I, like many North American Jews, have been following the story of Lev Tahor in the media over the past few months.
The latest: on April 14, Ontario Superior Court Judge Lynda Templeton overturned an earlier court decision ordering 13 Lev Tahor children be returned to Quebec and placed in foster care.
Templeton also ruled that children’s aid in Chatham, Ont. will continue to investigate the families and the case will now go to provincial court to determine whether the children are in need of protection.
The ultra-Orthodox Jewish sect, headed by Rabbi Shlomo Helbrans, has been labelled a cult and referred to as the “Jewish Taliban” by those who condemn the group’s extreme religious practices and rules.
The allegations against Lev Tahor, which include underage marriages, a lack of proper education for its children and hygiene concerns, have not been proven in court, Templeton said, but they cause “grave concern about the health and welfare of these children and their protection.”
I agree with the judge that these innocent children should not be bounced from province to province, as the emotional consequences would be “disastrous,” but I am nonetheless shocked and disturbed by the accusations.
The controversy and uproar that surrounds Lev Tahor reminds me of a book I read in 2012. Titled Unorthodox: The Scandalous Rejection of My Hasidic Roots, a memoir, written by Deborah Feldman, paints a picture of a woman who is raised in a strict chassidic Jewish community in Brooklyn.
After doing a bit of research, I made an interesting connection. The sect that Feldman grew up in was Rabbi Helbrans’ inspiration. An outright anti-Zionist, he has claimed to have modelled Lev Tahor after the Satmar movement.
In Feldman’s memoir, she reveals what her life was like when she was trapped in the chassidic American community that, according to her, values silence and suffering over individual freedoms and expressions.
I can draw many lines between what I know about the Satmar and Lev Tahor groups, and none are positive comparisons. While I initially wanted to be able to understand and accept the explanations that Lev Tahor leaders have presented as defences, I simply cannot sympathize.
I think back on Feldman’s words and still feel sorry for the children in the community who did not even realize they were victims. At an early age, the author came to conclusions that most of her peers would never realize.
From what she could read, to whom she could speak with, almost every aspect of Feldman’s identity was controlled. Married at 17 to a man she had only met for 30 minutes, she was unable to consummate the relationship for an entire year.
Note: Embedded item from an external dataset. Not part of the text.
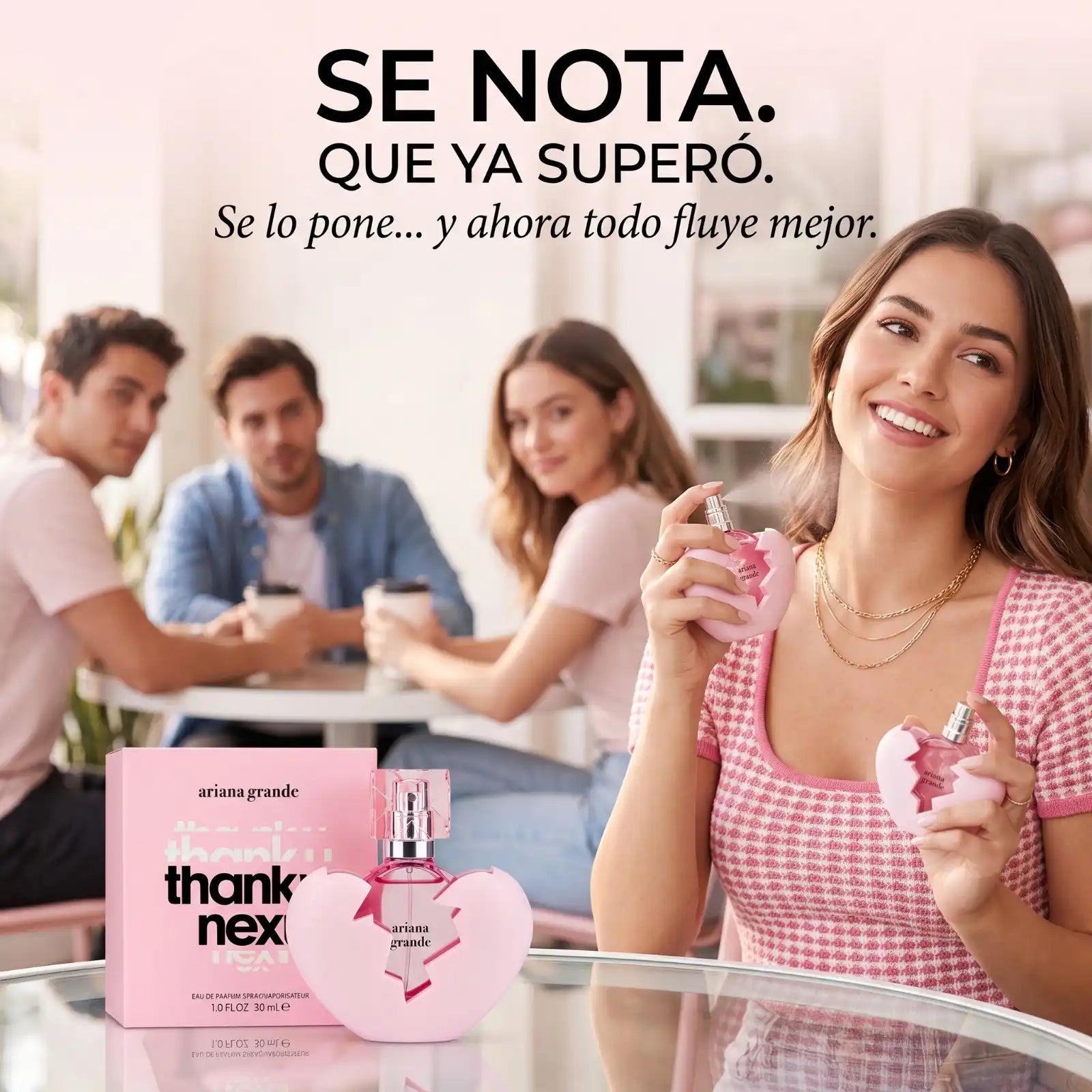Perfume Thank U, Next Ariana Grande
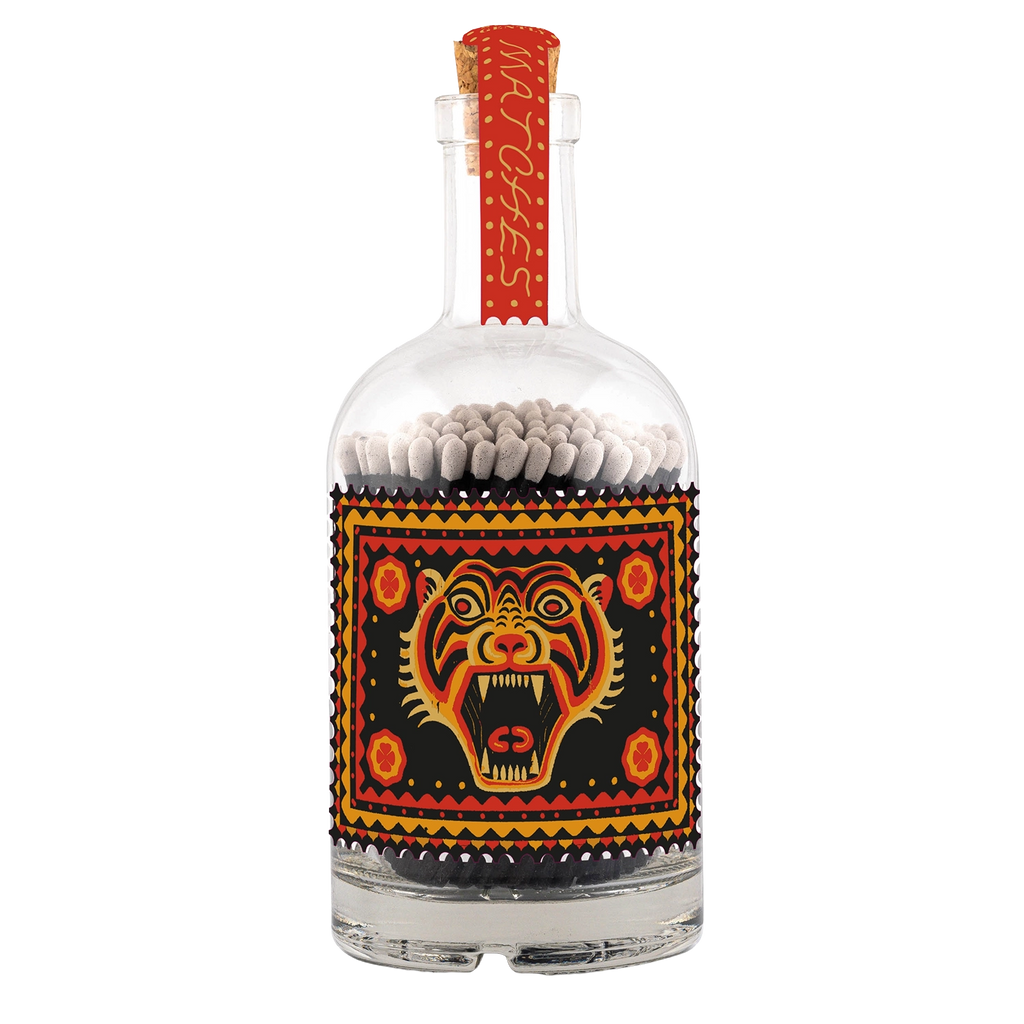 Eldspýtur í flösku - Roar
Her ensuing anxiety went undiagnosed and was exacerbated by the public shame of failing to serve her husband.
In her emotional and powerful memoir, Feldman recalls how secret moments reading about empowered female literary characters helped her see an alternative way of life – one she knew she had to seize when, at the age of 19, she gave birth to her son and recognized that more than just her own future was at stake.
When I recently watched a documentary about Lev Tahor by the TV program 16×9, I tried to keep an open mind, but couldn’t.
I can’t justify the fact that the children of this sect are being “educated” by women who are unequipped to teach. I can’t justify the fact that these kids have developed fungus on their feet from a lack of bathing. I can’t justify the fact that girls who do not want to wear the standard black robe (which covers their bodies from head to toe) will be kicked out of the community.
It’s all too primitive for me. Perhaps I should not be judging a community I have not seen first-hand, but my instincts tell me that this way of life is oppressive.
As a Jewish woman who has freedoms and opportunities to work, travel and learn about the world at large, I am sad for the children of Lev Tahor. Something must be done to give these boys and girls a second chance at life.